Normen
FrG 1993 §17 Abs1;
FrG 1993 §17 Abs2;
FrG 1993 §17 Abs1;
FrG 1993 §17 Abs2;
Spruch:
Die Beschwerde wird als unbegründet abgewiesen.
Begründung
Mit dem im Instanzenzug ergangenen Bescheid der Sicherheitsdirektion für das Bundesland Vorarlberg (der belangten Behörde) vom 10. November 1993 wurde der Beschwerdeführer, ein türkischer Staatsangehöriger, gemäß § 17 Abs. 1 Fremdengesetz (FrG) ausgewiesen.

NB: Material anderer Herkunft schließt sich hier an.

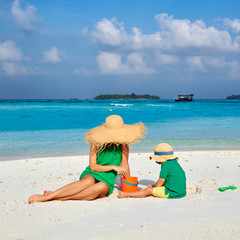 Woman in green dress with three year old boy on beach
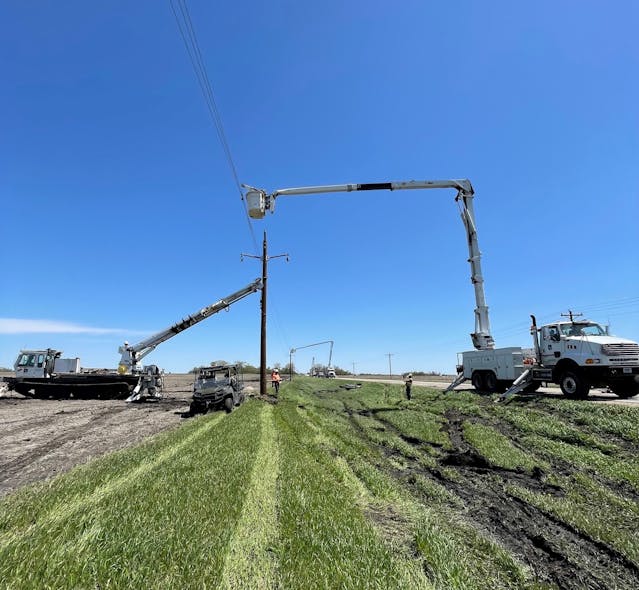 Pole is plumbed with help from multiple bucket trucks in Agralite Electric Cooperative area, northwest of Benson, Minnesota.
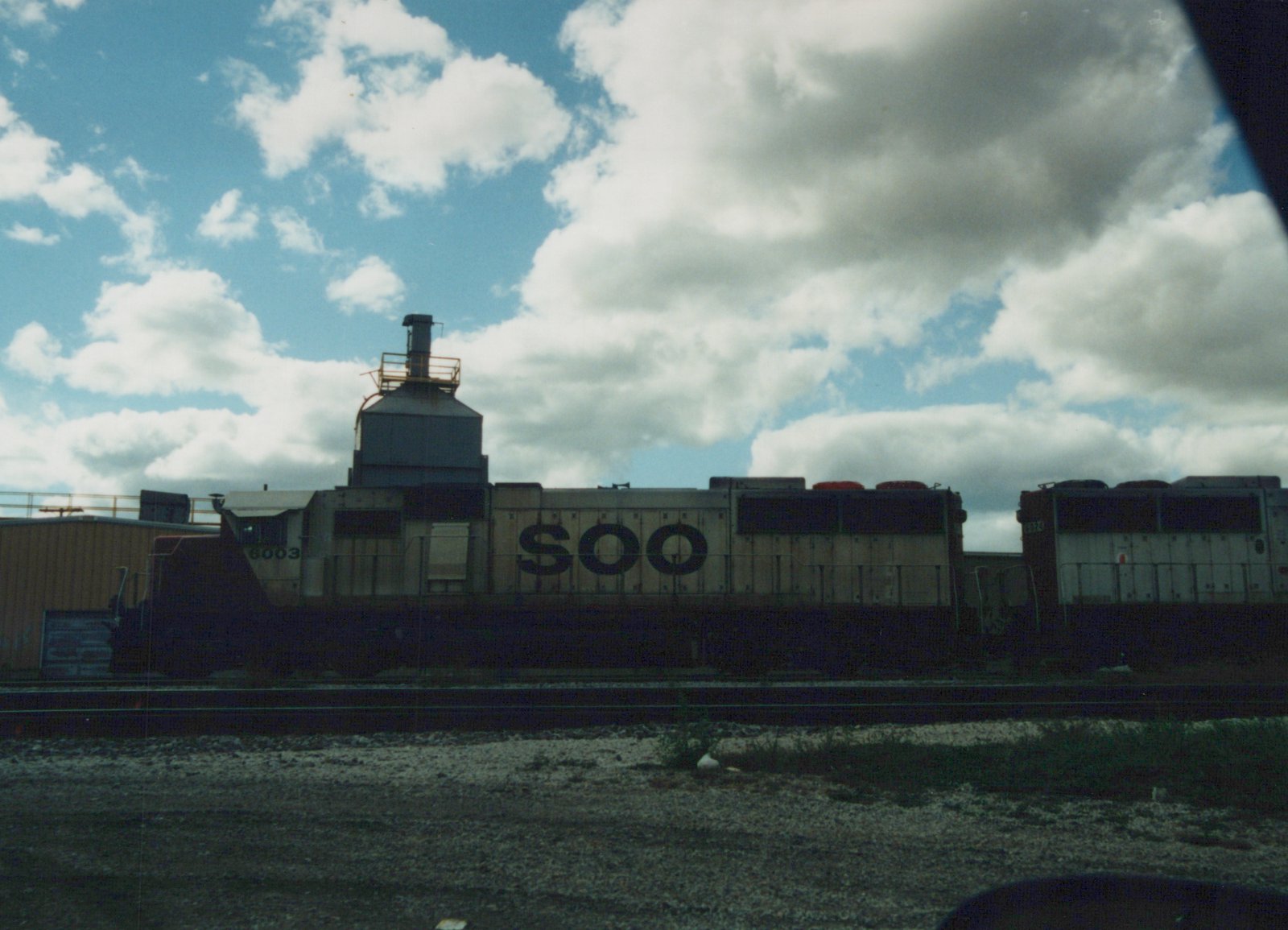 A side view of two SOO Line diesel locomotives, numbered 6003 and 6024, parked on parallel tracks in a gravel yard under a cloudy sky.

Begründend führte die belangte Behörde aus, dem Beschwerdeführer sei vom Deutschen Generalkonsulat in Istanbul ein Sichtvermerk mit einer Gültigkeitsdauer vom 7. November 1991 bis 6. Februar 1992 erteilt worden. Im Reisepaß des Beschwerdeführers befänden sich weder österreichische noch deutsche Ein- oder Ausreisestempel, jedoch ein Ausreisestempel der Grenzkontrollstelle Edirne vom 13. November 1991. Es sei daher davon auszugehen, daß der Beschwerdeführer zu dieser Zeit "entweder illegal, oder ohne sich der Grenzkontrolle zu stellen", nach Österreich eingereist sei. Am 1. Juni 1992 habe er eine österreichische Staatsangehörige geheiratet und in der Folge einen Befreiungsschein erhalten. Seit 24. August 1992 sei er beschäftigt. Am 1. September 1992 habe er bei der Bezirkshauptmannschaft Bregenz die Erteilung eines Sichtvermerks beantragt, die jedoch mit Bescheid dieser Behörde vom 12. Mai 1993 versagt worden sei. Am 9. September 1992 sei der Beschwerdeführer an seinem Arbeitsplatz befragt worden. Dabei habe er angegeben, bei seiner Frau in F zu wohnen und dort auch geschlafen zu haben. Die Anschrift habe er nicht angeben können, doch sei er bereit gewesen, den Beamten das Haus zu zeigen. Da er keinen Schlüssel gehabt habe, habe er an der Haustüre läuten müssen. Seine Ehegattin sei seit 8. September 1992 in der Entbindungsstation in Bregenz gewesen, wovon der Beschwerdeführer keine Kenntnis gehabt habe. In der Wohnung hätten sich weder Rasier- noch Waschzeug oder andere persönliche Sachen des Beschwerdeführers gefunden. Im Kleiderschrank seien nur Damenkleider gewesen. Bei seinem Arbeitsplatz sei bekannt, daß er an der angegebenen Adresse in F nicht erreicht werden könne. Über die Umstände, wie sie sich kennengelernt haben, seien vom Beschwerdeführer und seiner Frau divergierende Angaben gemacht worden. Der Beschwerdeführer spreche nach wie vor kaum deutsch.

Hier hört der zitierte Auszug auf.